#### Records to process
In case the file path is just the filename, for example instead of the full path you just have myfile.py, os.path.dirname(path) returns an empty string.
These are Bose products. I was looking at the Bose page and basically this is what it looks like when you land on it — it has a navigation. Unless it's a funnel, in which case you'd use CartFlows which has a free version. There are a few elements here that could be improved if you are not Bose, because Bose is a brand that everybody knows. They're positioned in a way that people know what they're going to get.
---
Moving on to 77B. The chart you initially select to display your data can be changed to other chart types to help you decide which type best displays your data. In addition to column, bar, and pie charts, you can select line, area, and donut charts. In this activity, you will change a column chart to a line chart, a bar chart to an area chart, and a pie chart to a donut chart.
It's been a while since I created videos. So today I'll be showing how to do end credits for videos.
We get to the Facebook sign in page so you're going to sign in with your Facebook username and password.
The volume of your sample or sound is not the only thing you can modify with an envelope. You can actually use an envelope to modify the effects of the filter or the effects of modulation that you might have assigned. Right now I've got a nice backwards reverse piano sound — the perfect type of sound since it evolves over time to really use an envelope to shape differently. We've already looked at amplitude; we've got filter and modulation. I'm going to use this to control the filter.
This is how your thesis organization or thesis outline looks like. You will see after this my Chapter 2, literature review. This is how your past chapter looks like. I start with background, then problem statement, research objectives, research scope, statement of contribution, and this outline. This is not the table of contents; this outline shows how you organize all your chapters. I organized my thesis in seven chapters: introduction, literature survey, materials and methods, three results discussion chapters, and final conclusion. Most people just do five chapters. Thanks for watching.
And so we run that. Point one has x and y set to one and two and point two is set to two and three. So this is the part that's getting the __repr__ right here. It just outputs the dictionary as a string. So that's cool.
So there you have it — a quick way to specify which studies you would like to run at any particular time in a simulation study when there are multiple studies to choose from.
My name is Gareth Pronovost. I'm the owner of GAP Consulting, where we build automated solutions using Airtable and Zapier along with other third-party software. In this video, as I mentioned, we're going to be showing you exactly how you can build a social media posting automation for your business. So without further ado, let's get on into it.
==
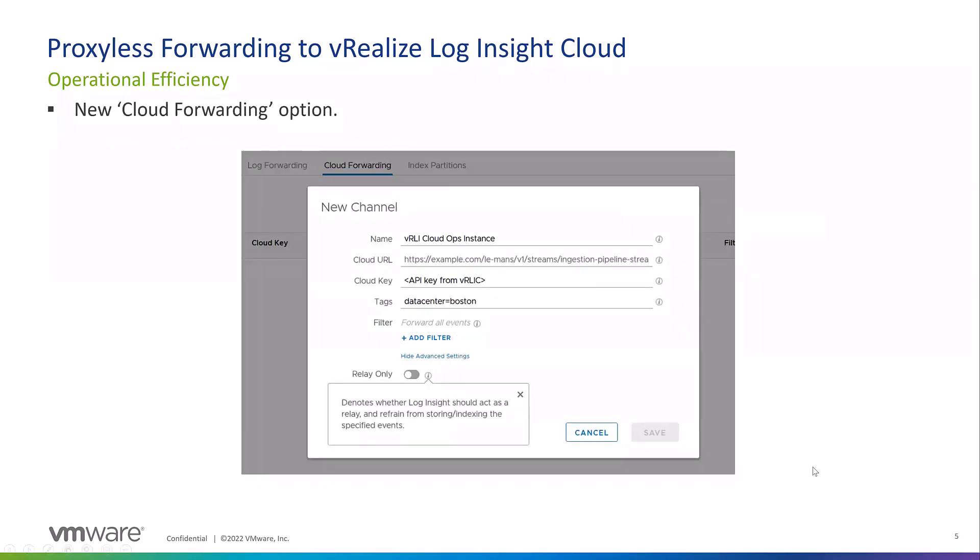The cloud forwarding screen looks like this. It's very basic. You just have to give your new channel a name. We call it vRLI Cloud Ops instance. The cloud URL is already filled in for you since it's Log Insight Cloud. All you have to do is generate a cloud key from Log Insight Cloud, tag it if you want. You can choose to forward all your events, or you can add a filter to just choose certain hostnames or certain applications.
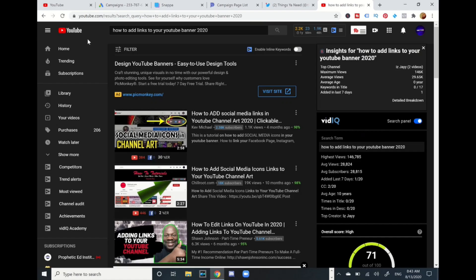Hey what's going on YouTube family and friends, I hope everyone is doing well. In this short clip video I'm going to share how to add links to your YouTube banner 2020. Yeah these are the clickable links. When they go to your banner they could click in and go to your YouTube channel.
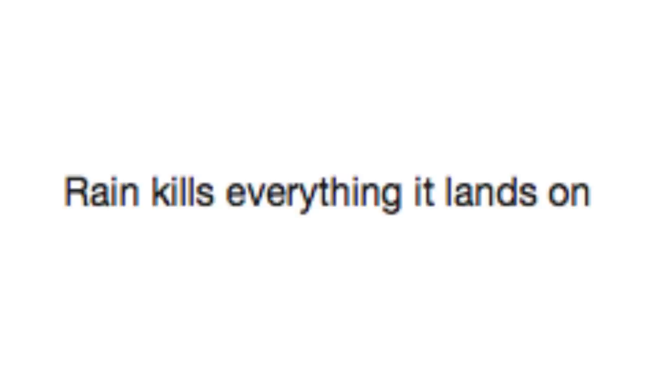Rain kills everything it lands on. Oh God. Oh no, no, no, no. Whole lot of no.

#### Work to be completed
Beginning with the line containing "In case the" in the material above, copy every line exactly until you have copied the line containing "These are Bose".

#### Output of the task
In case the file path is just the filename, for example instead of the full path you just have myfile.py, os.path.dirname(path) returns an empty string.
These are Bose products. I was looking at the Bose page and basically this is what it looks like when you land on it — it has a navigation. Unless it's a funnel, in which case you'd use CartFlows which has a free version. There are a few elements here that could be improved if you are not Bose, because Bose is a brand that everybody knows. They're positioned in a way that people know what they're going to get.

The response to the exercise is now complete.